Excellent, sorry I missed that.
The suits always seemed like evidence, to me. Our soldiers aren't routinely deployed with such protective gear, unless we believe they will encounter WMD.
It's simple, really.
People also keep ignoring the mustard gas and cyanide found in the Euphrates. Where do you think that came from?!
http://www.wsjclassroomedition.com/wsjtoday/war/03apr07_story2.html WAR WITH IRAQ: APRIL 7, 2003
Marines Report Discovery Of Iraq Weapons Disposal
Cyanide, Mustard-Gas Agents Uncovered in Euphrates River
Marines raiding a Baath Party headquarters Sunday in Salman Pak, which United Nations inspectors said in 1997 was the scene of experiments with biological weapons, including anthrax, found what an interpreter described as a manual on how to fool U.N. inspectors. Friday, a Marine unit drawing drinking water from the Euphrates River near Nasiriyah said it found concentrations of cyanide and mustard-gas agents in the water, apparently dumped there by Iraqi forces that formerly held the city 200 miles south of the capital.

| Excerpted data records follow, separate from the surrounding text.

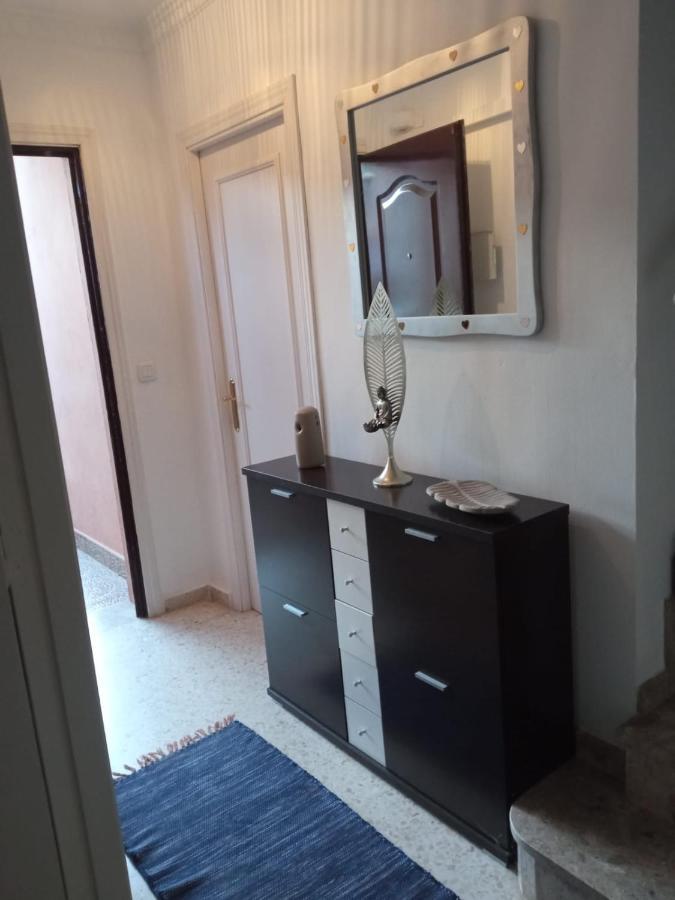 Vila Casa Luz Y Azahar San Juan Del Puerto Exteriér fotografie
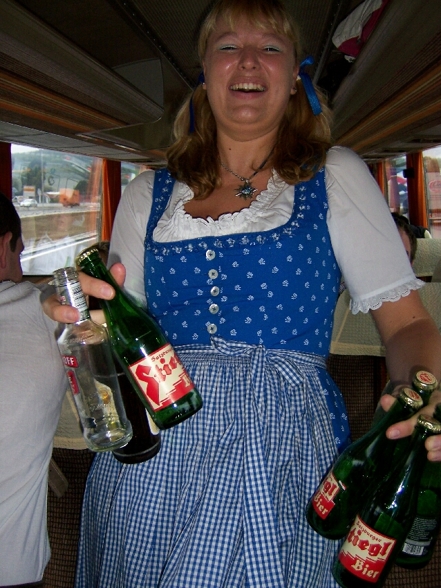 2007.09.26 - Oktoberfest München - 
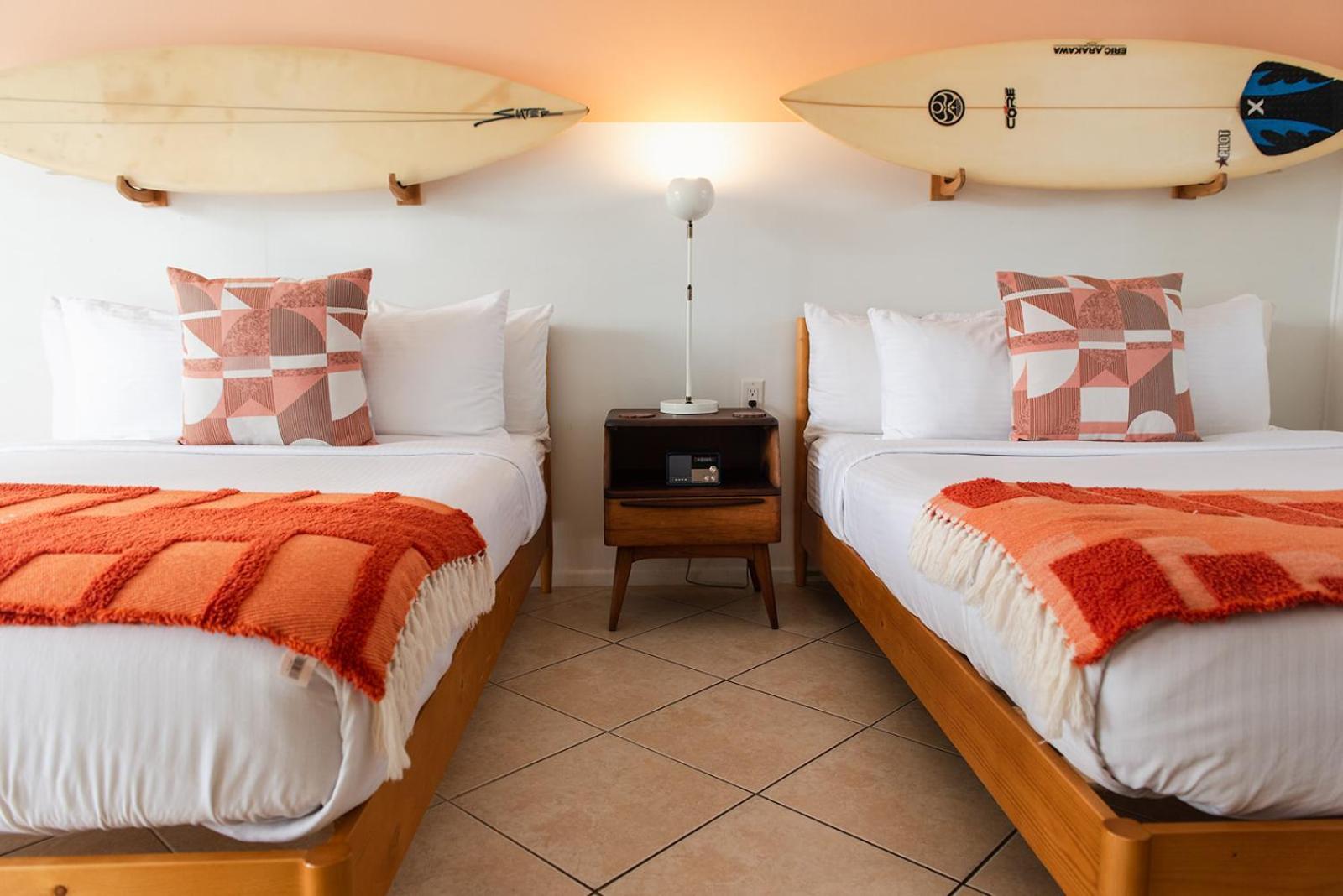 Seaspray Surf Lodge Vero Beach Ngoại thất bức ảnh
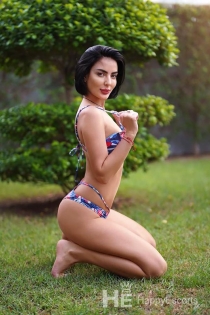 Monica, 나이 36, 두바이 / UAE 에스코트 - 8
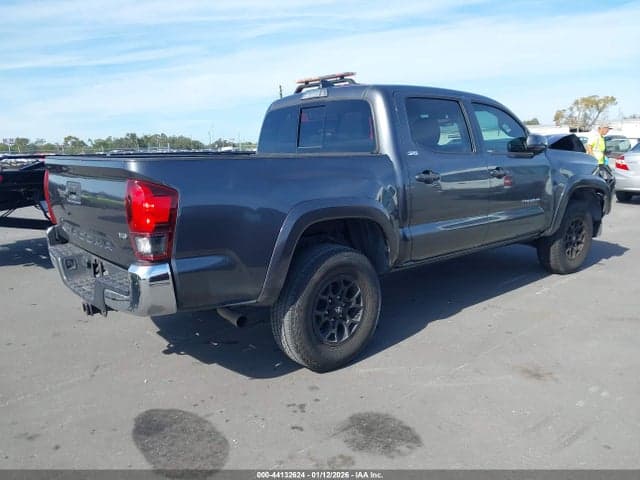 2021 TOYOTA TACOMA SR5 V6 4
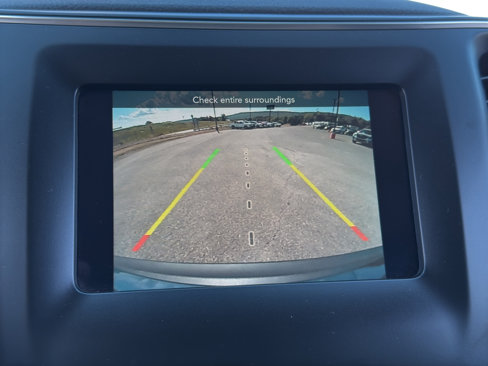 Used 2020 Jeep Cherokee Latitude w/ Mobile Office Group image 25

Dr. Richard Spertzel, a U.S. microbiologist who helped uncover Iraq's biological-weapons program in 1995, said that after the Gulf War Iraqi technicians dug pits, threw in biological and chemical warheads, and covered them with tarpaulins and sand. "If they've done the same thing it, could take months to find them. "
Ken Alibek, a microbiologist who was formerly deputy chief of the Soviet Union's biological-weapons program, noted that Iraqi records could show what countries may have aided weapons programs. "The U.S. must protect this material from being destroyed," he said.